● Exercise goal
Make an exact copy of the listing below. Pictures stay out of it.

● Data shown
"""

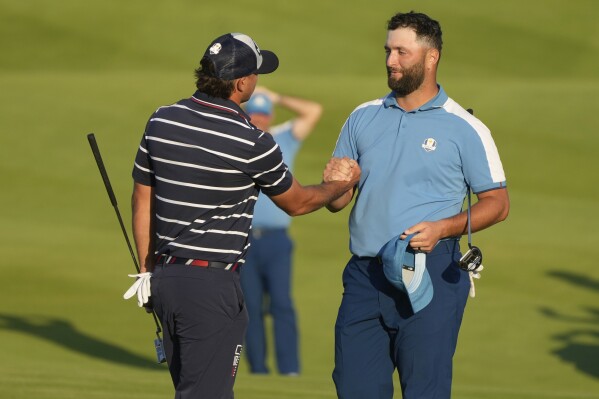 Europe's Jon Rahm shakes hands with United States' Brooks Koepka after the match was tied in their afternoon Fourballs match at the Ryder Cup golf tournament at the Marco Simone Golf Club in Guidonia Montecelio, Italy, Friday, Sept. 29, 2023. (AP Photo/Gregorio Borgia )
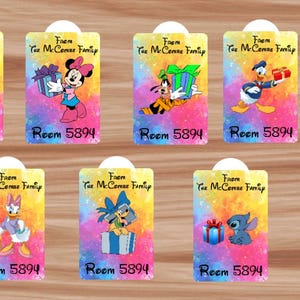 May include: A set of gift tags with Disney characters like Mickey and Minnie Mouse, Goofy, Donald Duck, Daisy Duck, Pluto, and Stitch. Each tag has the text "From The McConne Family" and "Room 5892" or "Room 5894". The tags are brightly coloured.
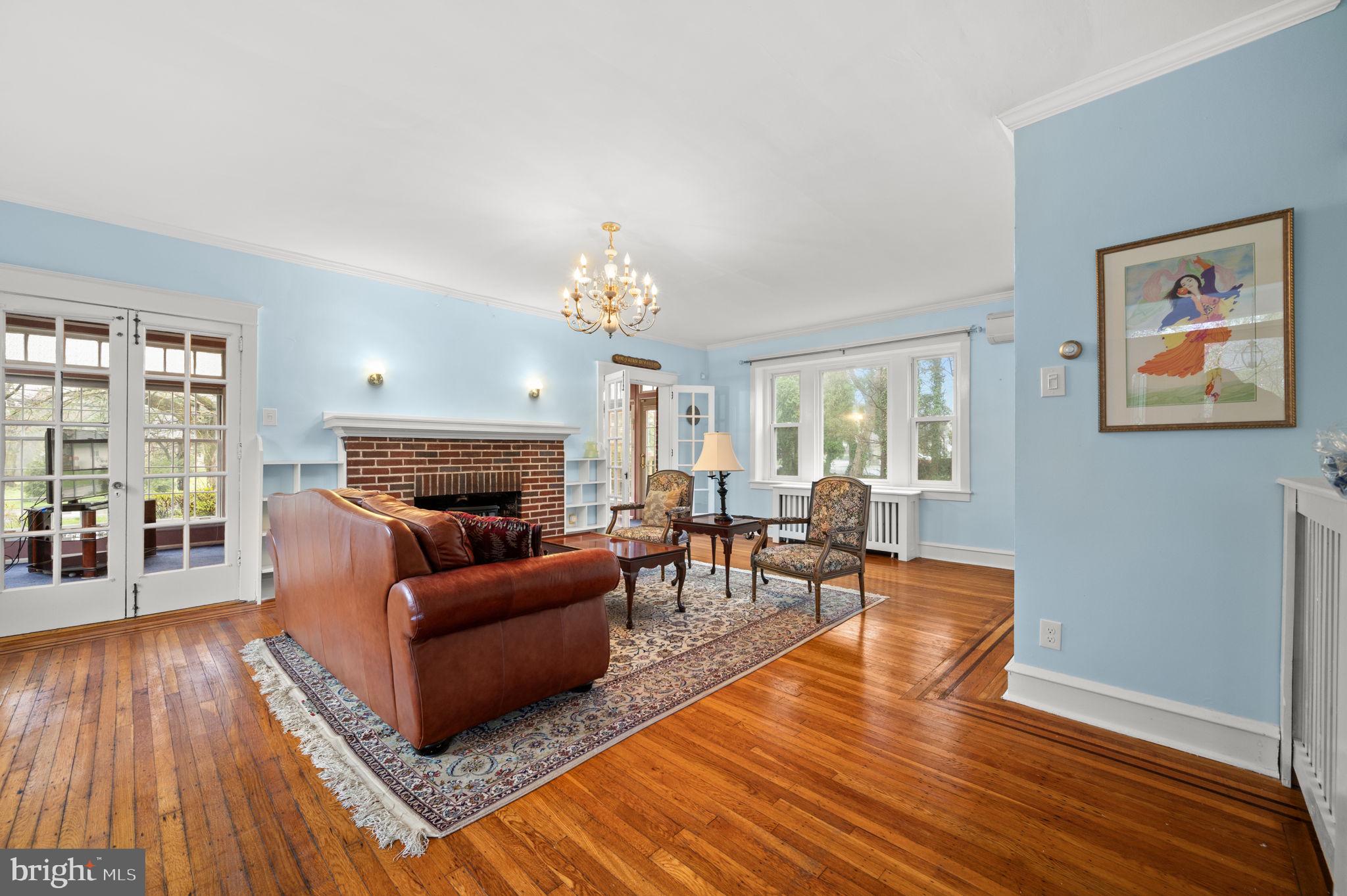 332 South Providence Road Wallingford, PA 19086 - Photo 10 of 69 a living room with furniture and a fireplace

"""

● Result for this task
 Europe's Jon Rahm shakes hands with United States' Brooks Koepka after the match was tied in their afternoon Fourballs match at the Ryder Cup golf tournament at the Marco Simone Golf Club in Guidonia Montecelio, Italy, Friday, Sept. 29, 2023. (AP Photo/Gregorio Borgia )
 May include: A set of gift tags with Disney characters like Mickey and Minnie Mouse, Goofy, Donald Duck, Daisy Duck, Pluto, and Stitch. Each tag has the text "From The McConne Family" and "Room 5892" or "Room 5894". The tags are brightly coloured.
 332 South Providence Road Wallingford, PA 19086 - Photo 10 of 69 a living room with furniture and a fireplace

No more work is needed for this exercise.